Der Erinnerungsgegner hat keinen Antrag gestellt, mit Schriftsatz vom 28. März 2011 aber die Notwendigkeit einer Begleitperson dem Grunde nach anerkannt.

Der UKB hat der Erinnerung nicht abgeholfen (Verfügung vom 25. Januar 2011) und sie dem Senat vorgelegt.
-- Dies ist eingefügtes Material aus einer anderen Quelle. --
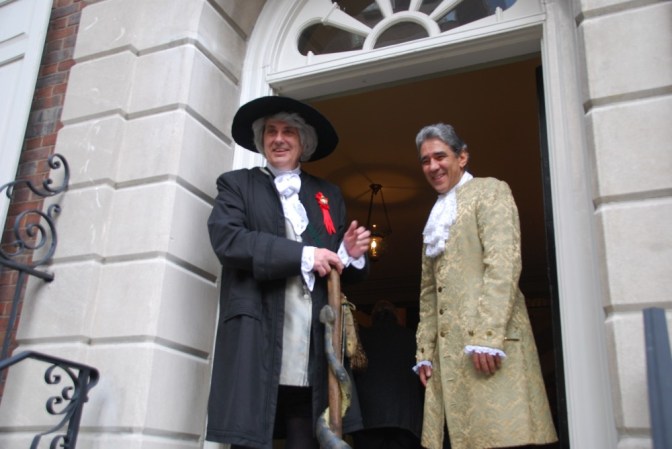 John Bartram Lives Kirk R. Brown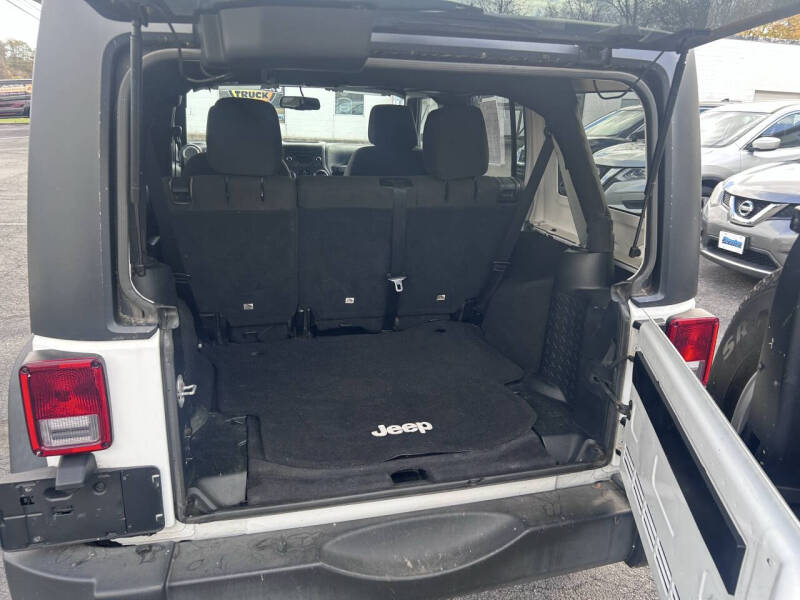 2017 Jeep Wrangler Unlimited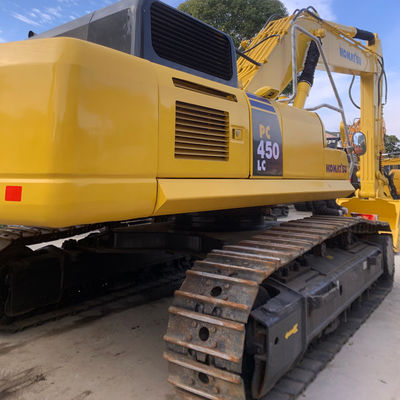 Konstruksi Digunakan Komatsu Excavator Pc450 Mini Crawler Excavator 2nd Hand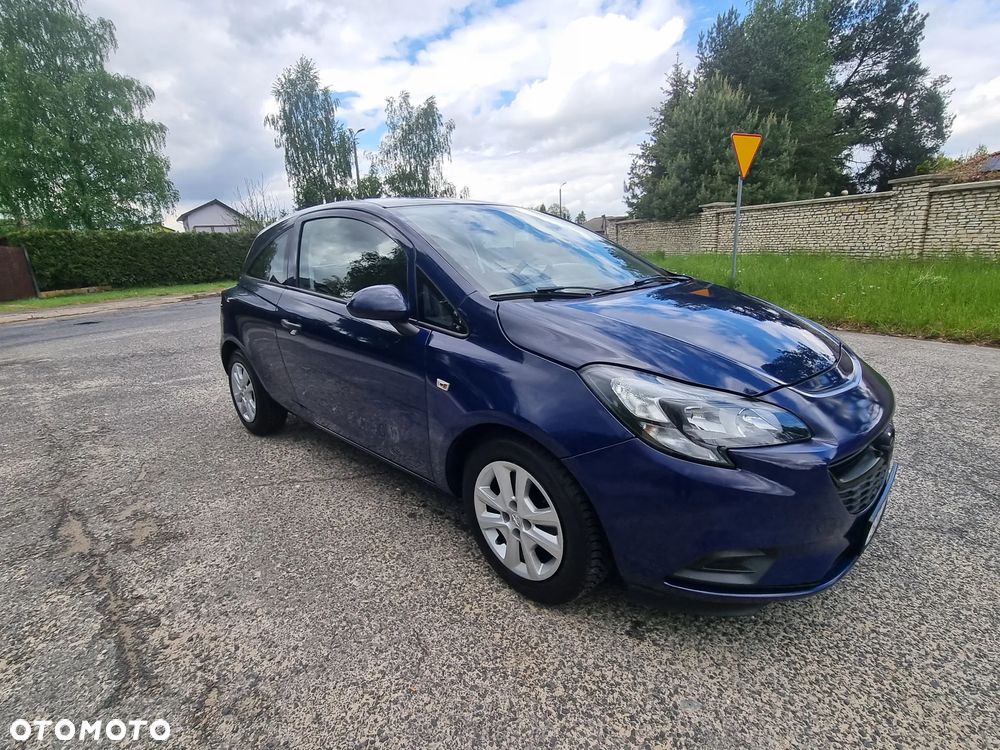 Opel Corsa 1.2 16V Edition / Active - 4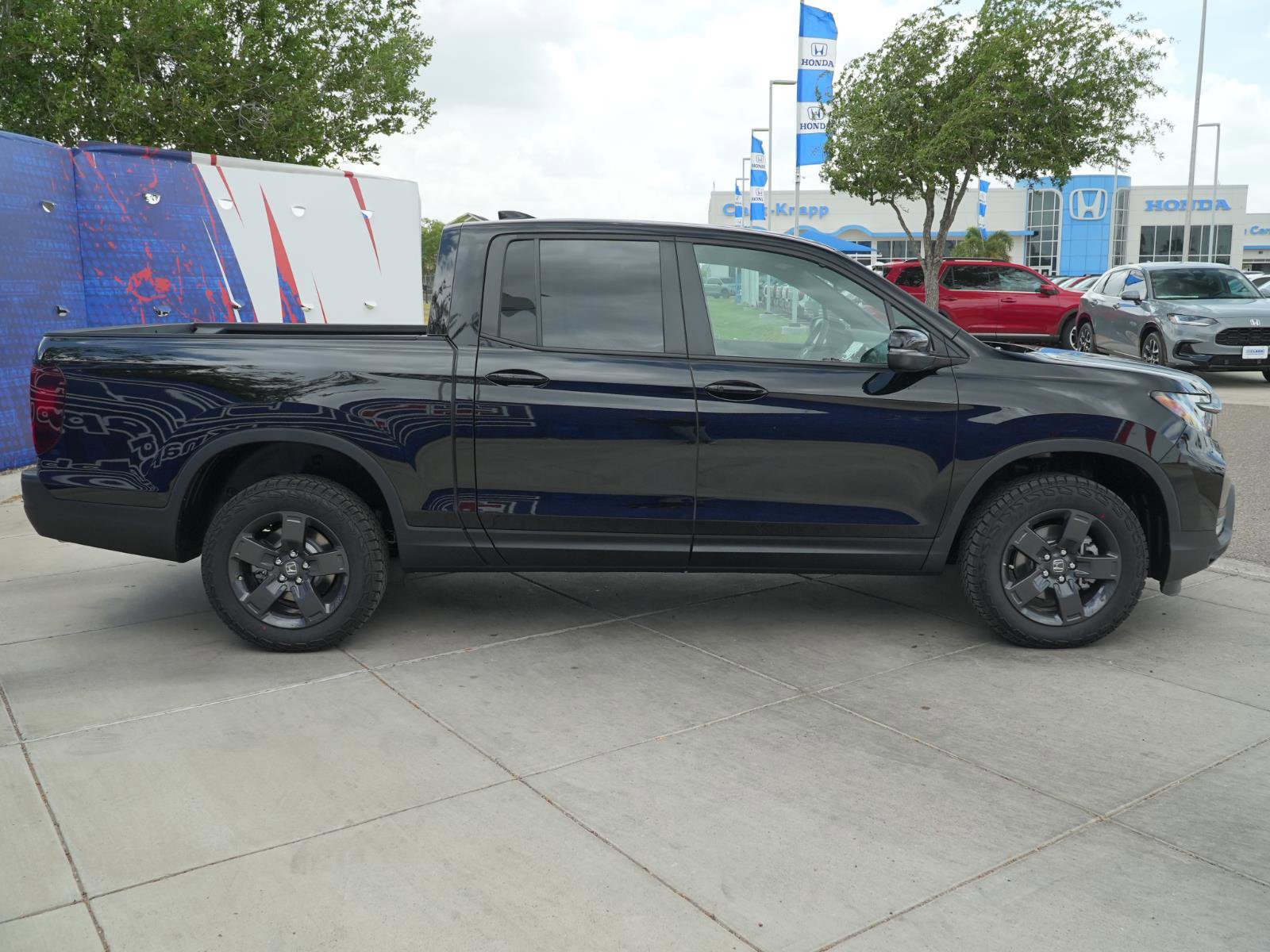 New 2026 Honda Ridgeline TrailSport image 4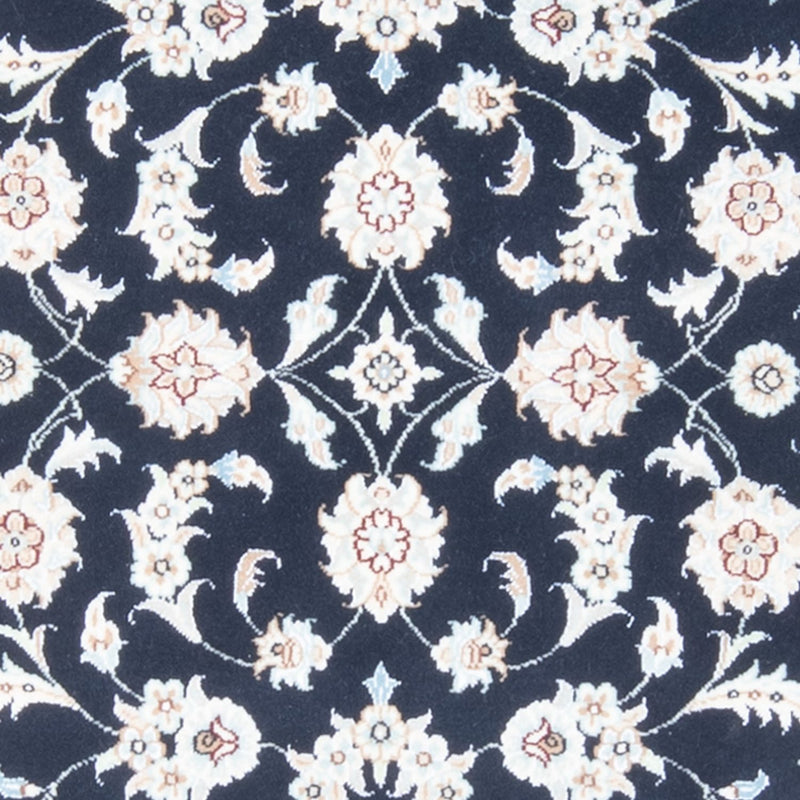 Runner Persisk matta - Nain - Royal - 202 x 78 cm - mörkblå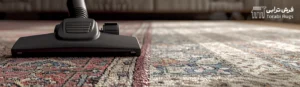 Torabi Rugs راهنمای تمیزکردن فرش متناسب با تراکم آن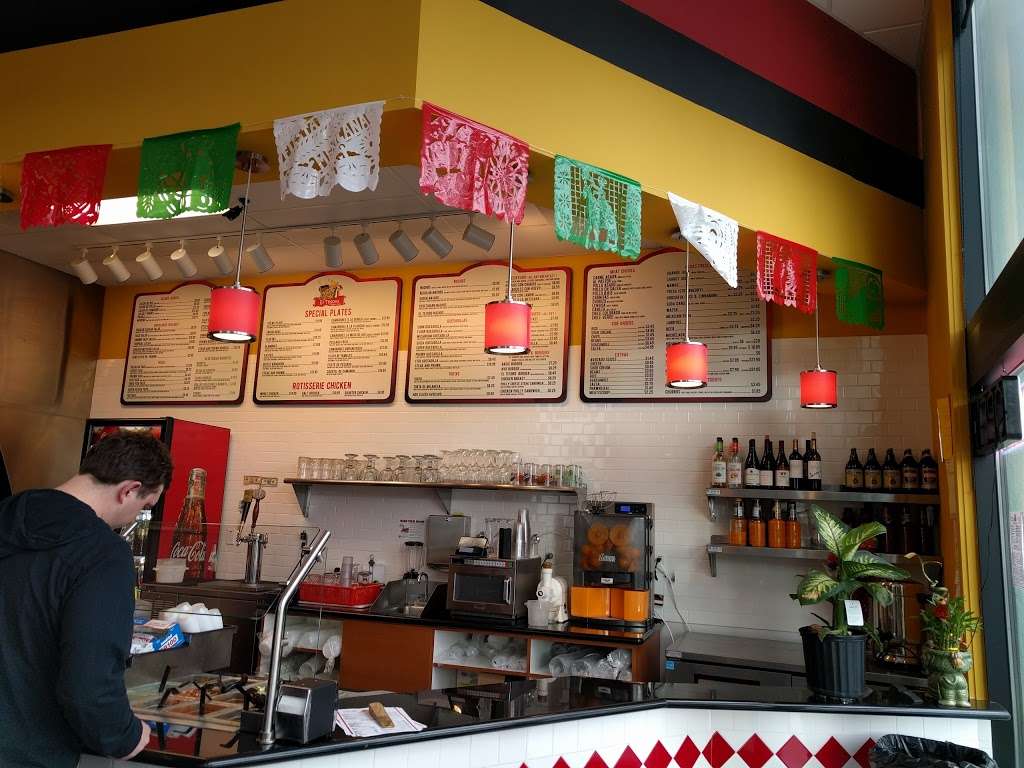 El Tesoro Taqueria And Grill | 2268 Westborough Blvd #3, South San Francisco, CA 94080 | Phone: (650) 634-8700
Der Unterzeichner hat den Erinnerungsführer mit Verfügungen vom 28. Februar und 29. März 2011 darauf hingewiesen, dass die Kosten der Begleitperson nicht ausreichend vorgetragen und belegt sind. Falls dies nicht unter Wahrung der gesetzten Frist erfolge, müsse er damit rechnen, dass die begehrten Kosten nicht erstattet würden. Eine Antwort ist beim Senat bis heute nicht eingegangen.

II.

Auf die Erinnerung wird die Entschädigung auf 113,00 Euro festgesetzt.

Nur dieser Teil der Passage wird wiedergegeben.